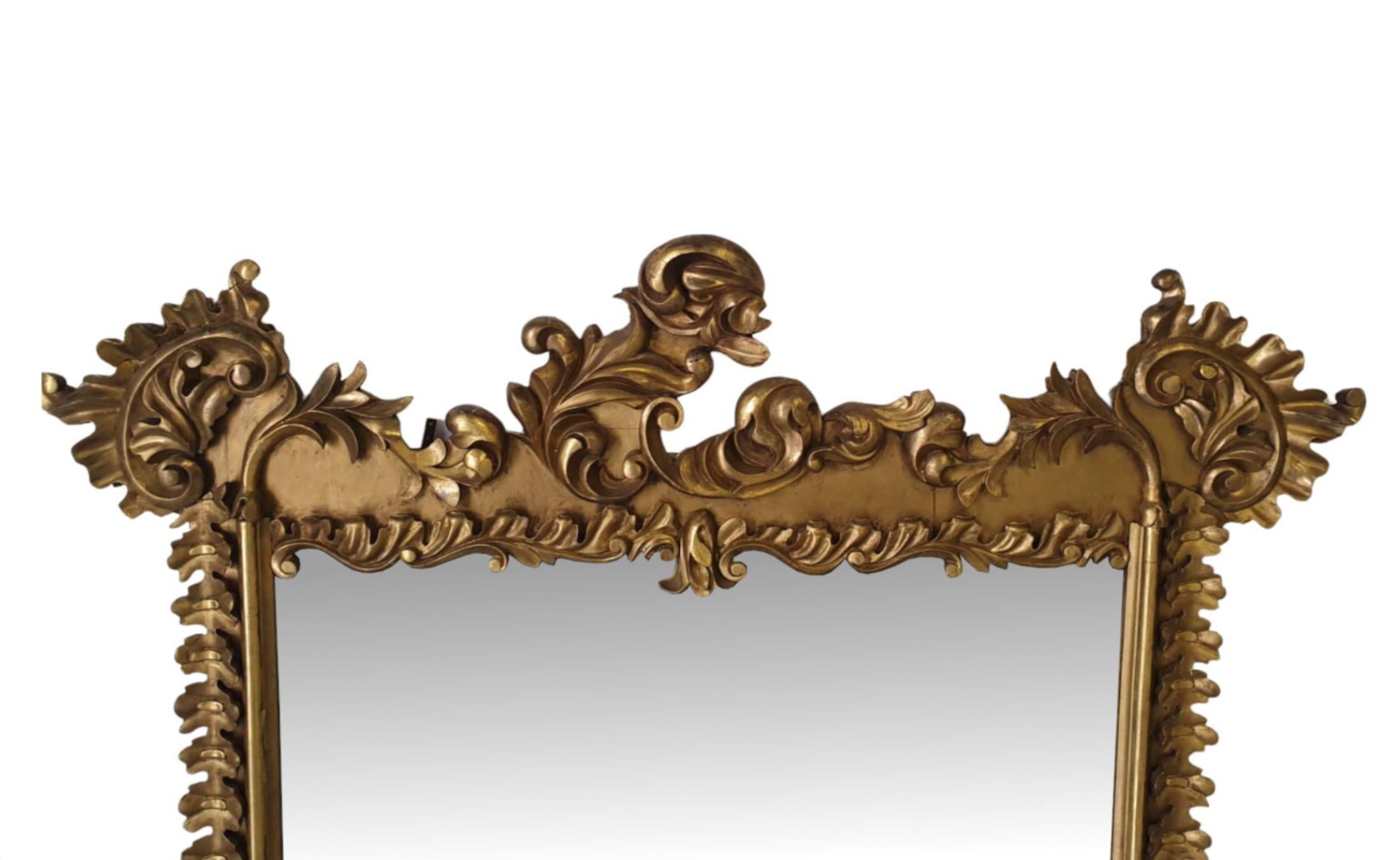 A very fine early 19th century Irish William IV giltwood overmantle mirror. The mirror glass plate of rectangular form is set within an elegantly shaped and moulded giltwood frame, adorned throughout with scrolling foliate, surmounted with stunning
--
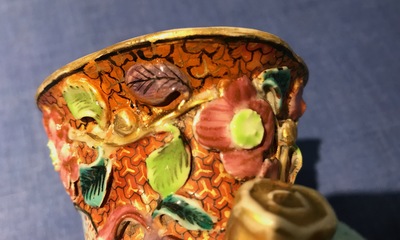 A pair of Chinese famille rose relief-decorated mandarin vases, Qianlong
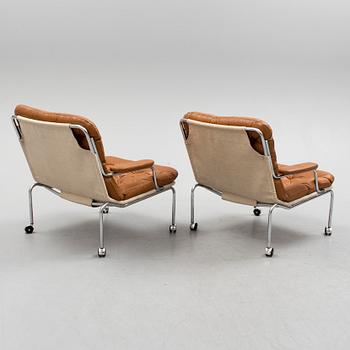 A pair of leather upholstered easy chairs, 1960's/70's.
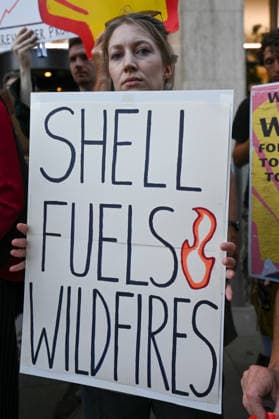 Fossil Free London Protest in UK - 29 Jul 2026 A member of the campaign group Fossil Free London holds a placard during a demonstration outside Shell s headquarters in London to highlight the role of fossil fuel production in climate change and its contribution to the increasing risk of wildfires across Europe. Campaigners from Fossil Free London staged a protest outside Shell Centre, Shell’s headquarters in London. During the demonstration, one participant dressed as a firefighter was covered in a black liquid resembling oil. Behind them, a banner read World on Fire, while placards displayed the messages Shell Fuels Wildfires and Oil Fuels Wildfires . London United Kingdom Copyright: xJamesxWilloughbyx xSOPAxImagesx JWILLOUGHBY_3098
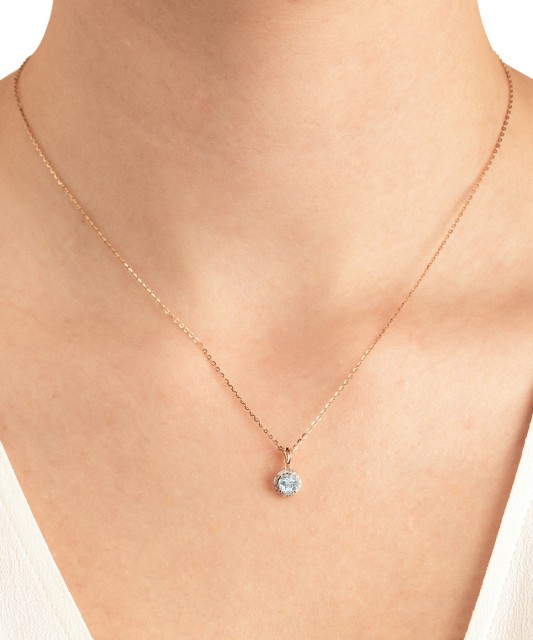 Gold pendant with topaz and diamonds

_EXERCISE_.
Given the entries above, transcribe exactly the lines from the one holding "A pair of leather" through the one holding "Gold pendant with topaz and diamonds"; pictures do not belong in the transcription.

_TASK OUTPUT_.
 A pair of leather upholstered easy chairs, 1960's/70's.
 Fossil Free London Protest in UK - 29 Jul 2026 A member of the campaign group Fossil Free London holds a placard during a demonstration outside Shell s headquarters in London to highlight the role of fossil fuel production in climate change and its contribution to the increasing risk of wildfires across Europe. Campaigners from Fossil Free London staged a protest outside Shell Centre, Shell’s headquarters in London. During the demonstration, one participant dressed as a firefighter was covered in a black liquid resembling oil. Behind them, a banner read World on Fire, while placards displayed the messages Shell Fuels Wildfires and Oil Fuels Wildfires . London United Kingdom Copyright: xJamesxWilloughbyx xSOPAxImagesx JWILLOUGHBY_3098
 Gold pendant with topaz and diamonds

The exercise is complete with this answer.